Wide ranging measures to help the hundreds of rough sleepers across Greater Manchester have been revealed including £1.8m of new funding.

The Mayor of Greater Manchester Andy Burnham said the money, one of just eight social impact bonds (SIB) approved and the largest outside of London, will help to provide accommodation, intensive health support and improvements in the way homeless people are encouraged into education or work for up to 200 people.

The news comes just two weeks after the Mayor called on all public bodies in Greater Manchester to work together to end homelessness and rough sleeping with immediate action.

Representatives from all of those organisations attended a meeting of Greater Manchester’s Reform Board met to suggest wide ranging, practically-focused actions that could be taken to ensure homelessness and rough sleeping are immediately reduced.

These actions include an immediate call to the Government to halt the roll out of the Universal Credit benefit scheme, which all members of the Reform Board agreed was fundamental to reducing rough sleeping and homelessness across the city region.

The Mayor said: “This is not a political point.
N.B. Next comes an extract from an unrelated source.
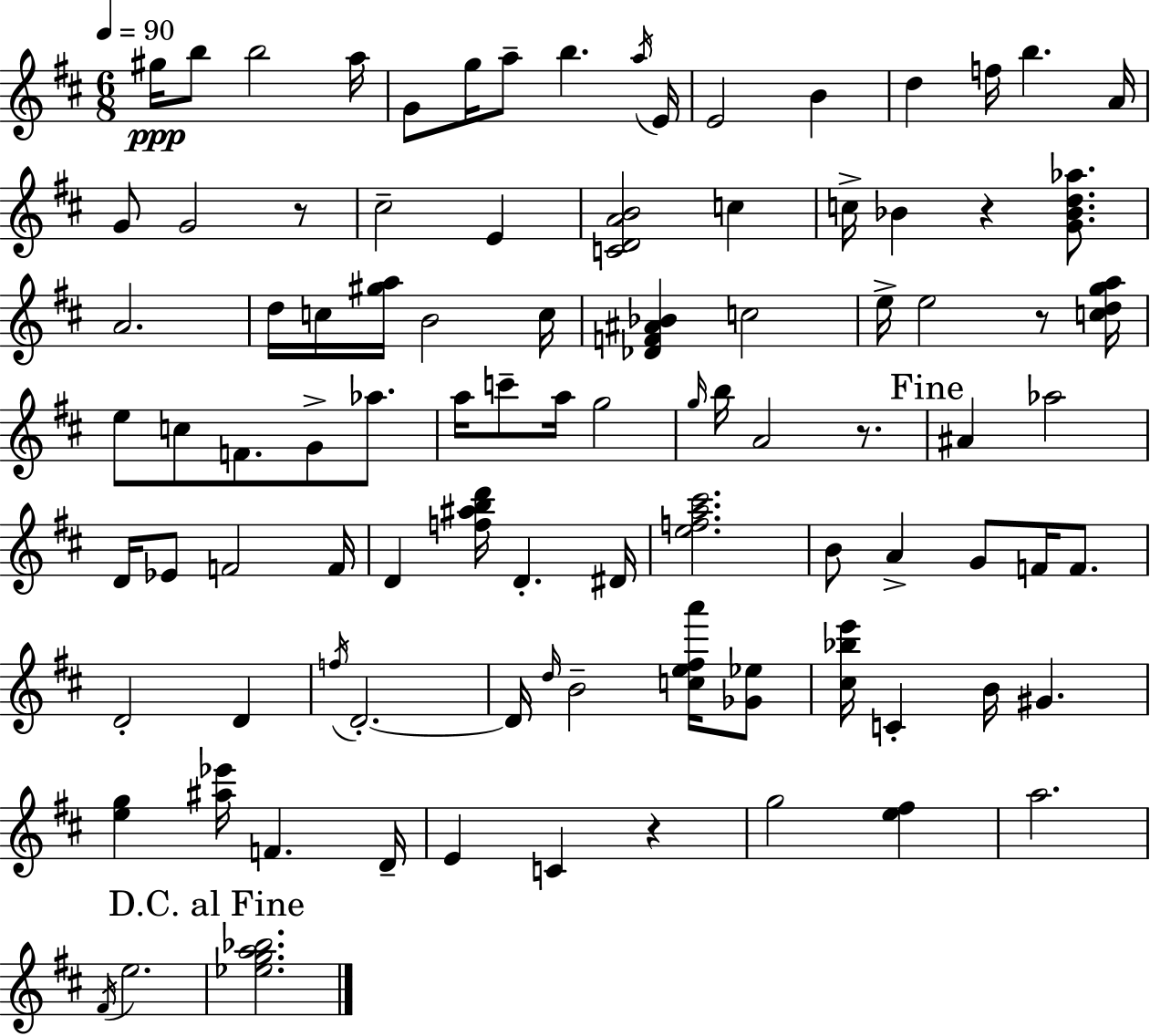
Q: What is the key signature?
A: D major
I am speaking for the entire board – the entire public sector in Greater Manchester – when I make this plea to the Prime Minister and Government. You must suspend the roll out of the Universal Credit benefit. It was a unanimous view in the meeting that Universal Credit will make the homeless and rough sleeping problem here dramatically worse. I say in all sincerity, please listen and put it on hold. If it goes ahead as planned we will see a much greater problem unfold in front of our eyes.”

Amongst other measures announced was a £1.8million Social Impact Bond (SIB) – a Government-backed bond using money provided by the private sector to deliver improvements including finding and keeping a home, making sure support is provided to find employment, education or training, providing
intensive support around people on an individual basis and enabling people to access specialist support services around mental health and addiction

It is expected that the new service will be on the streets of Greater Manchester by the end of October, helping people during the critical winter months.

There has also been a commitment to opening all 41 fire stations across Greater Manchester to be used to support homeless people, partnering with community and voluntary groups to provide a range of services such as food and drink.

The Mayor said: “I have made ending rough sleeping in Greater Manchester a personal priority and these developments represent a major breakthrough on that journey. This new money will provide real solutions to help people to get off the streets and find warmth, safety and a better life with work.

“But while it is major progress, there is still a huge challenge in front of us. There is good work already being done across Greater Manchester by our councils and others but with so many people on the streets we always have to challenge ourselves to go further.

“This is a crisis unfolding before our eyes and will only be solved if we work as one and bring the contribution of public, private and voluntary sectors together. We have to think differently and try new ideas and ways of improving the lives of hundreds of people who don’t have a home to call their own.”